**Directions:** Begin at the line containing "Helyettes�t� telefon Akkumul�tor" in the records below, end at the line containing "Tabela RTP verificado", and retype each line in that span exactly. No other line and no image should appear.

**Supplied material:**
+-------+

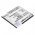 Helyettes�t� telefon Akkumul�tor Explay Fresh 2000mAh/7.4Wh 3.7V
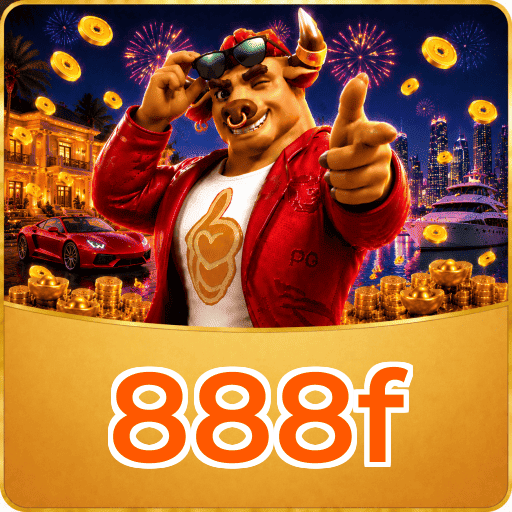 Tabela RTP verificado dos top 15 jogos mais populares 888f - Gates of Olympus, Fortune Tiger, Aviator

+-------+

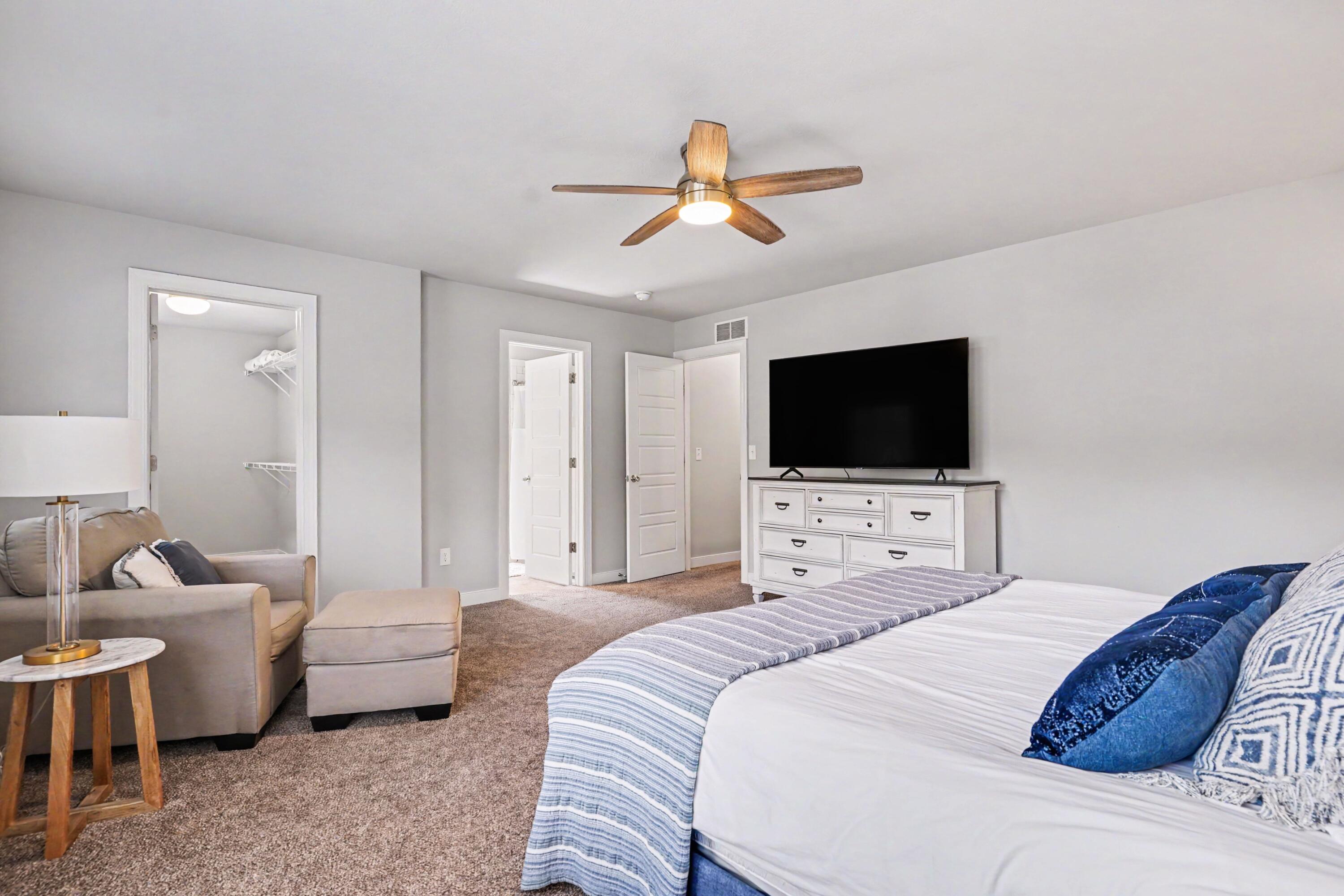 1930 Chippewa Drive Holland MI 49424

+-------+

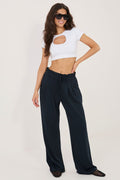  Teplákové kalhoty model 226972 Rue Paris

+-------+

**Output of the exercise:**
 Helyettes�t� telefon Akkumul�tor Explay Fresh 2000mAh/7.4Wh 3.7V
 Tabela RTP verificado dos top 15 jogos mais populares 888f - Gates of Olympus, Fortune Tiger, Aviator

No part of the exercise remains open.